Photo courtesy of Apple Daily TW
The middle bodies dressed in blue are dead and being carried on shoulders by being strapped to poles. In ancient times, transportation was inefficient, so the only way to transfer cadavers back to their home town was by carrying them via poles. This made the corpses look like they were standing and moving. Thus, the nickname “walking corpses” to describe this was born. Photo courtesy of Apple Daily TW
  • Tianmen Mountain National Park
  1. Skywalk (walk on a see-trough glass floor built along a hanging cliff, wearing shoe covers and experiencing the thrill. This is absolutely not for the faint hearted.)
  2. Cableway up the mountain is the longest cable tramway in the world. The view along the way is breathtaking.
  3. Tianmen Mountain Cave – There are 999 steps leading up to the Mountain Cave. Walking up the steps is like walking to heaven. In 2006, Russian pilots did an acrobatic show and performed a stunt of five airplanes flying through the naturally formed stone hole.
  • Zhangjiajie National Forest Park – Located in the UNESCO World Heritage Site in Wulinyuan Scenic Area in China’s Hunan province. A miracle in nature!
  1. 3,000 pillar-like mountains that shoot into the clouds. Trees and other vegetation grow on the rock formations. The scenery is like a Chinese traditional painting coming alive.
  2. A lofty mountain range whose summits are shrouded in mist and peak in grotesque shapes into the heavens.
  3. The Hallelujah Mountains in the 2010 Oscar-winning film “Avatar” in the fictional world Pandora were known to be inspired from Zhangjiajie.
  4. Bailong Elevator – The tallest elevator in the world, which takes tourists down a giant rock more than a thousand feet.
  • Huanglong Cave – The largest underground cave in China. Explore and take pictures of stalagmites, stalactites, curious columns of a variety shapes that are strangely wonderful in a kaleidoscope of colors.

Checklist

  • When you travel, try to avoid Chinese holidays, as the population of 1.38 billion who gets a deep discount of the entrance fees will crowd attractions everywhere. It will be crowded, and you may not get wonderful pictures of landmarks. The wait could be more than a couple of hours just to get a cable car. Here is the link to help plan your trip accordingly: https://www.travelchinaguide.com/essential/public-holiday.htm
  • Bring your own toilet paper. Be prepared to squat when you use the bathroom.

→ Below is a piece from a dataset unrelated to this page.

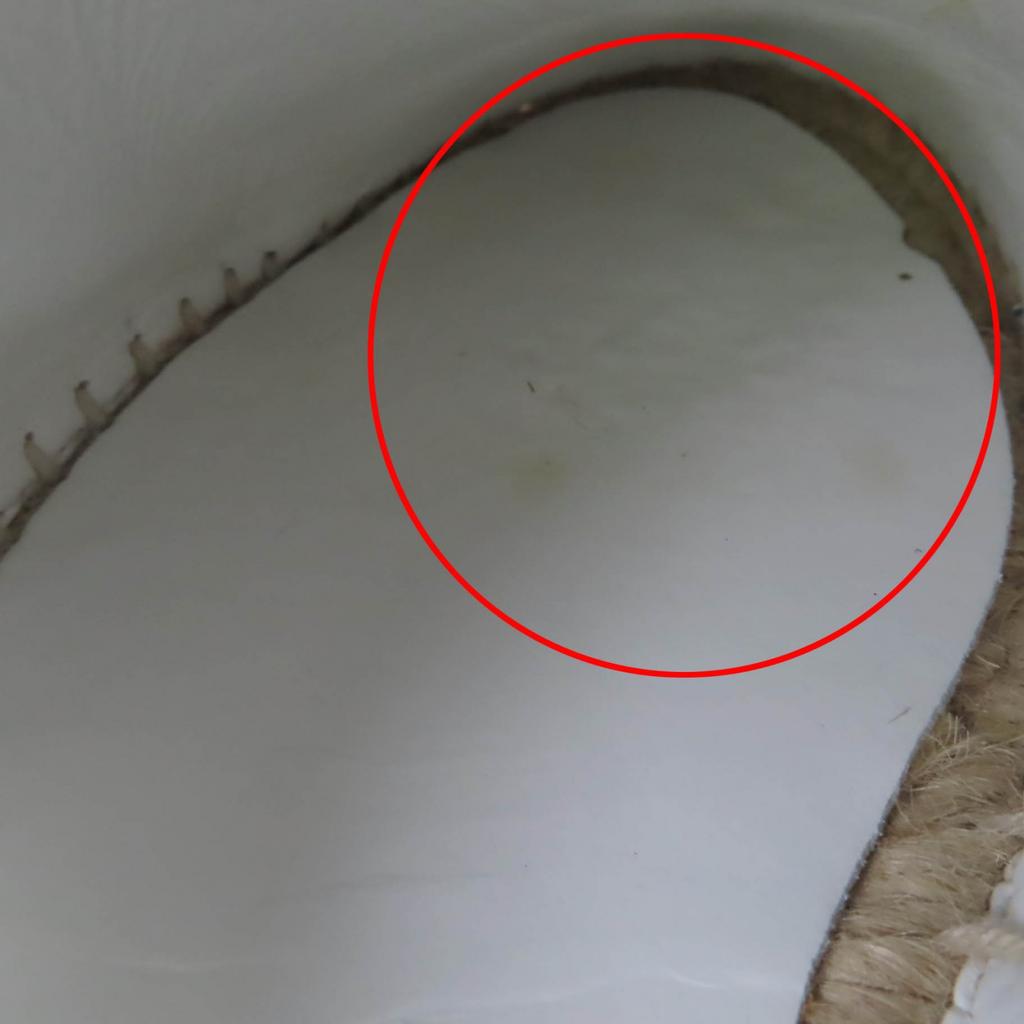 Great CHANEL Leather Shoes COCO Mark Tweed Espadrilles Blue Women 35 G34546 Used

  • Bring bottled water. Tap water is undrinkable
  • Prices are heavily negotiable, easily up to 90% off, when shopping
  • Bring an umbrella or raincoat in case of rain in Zhangjiajie
  • Know how to use chopsticks to eat at restaurants.
  • Know a bit of Mandarin to communicate with others
  • Keep hotel business card (in Mandarin) on you if you get lost
  • Bring some medicine in case of stomach upset.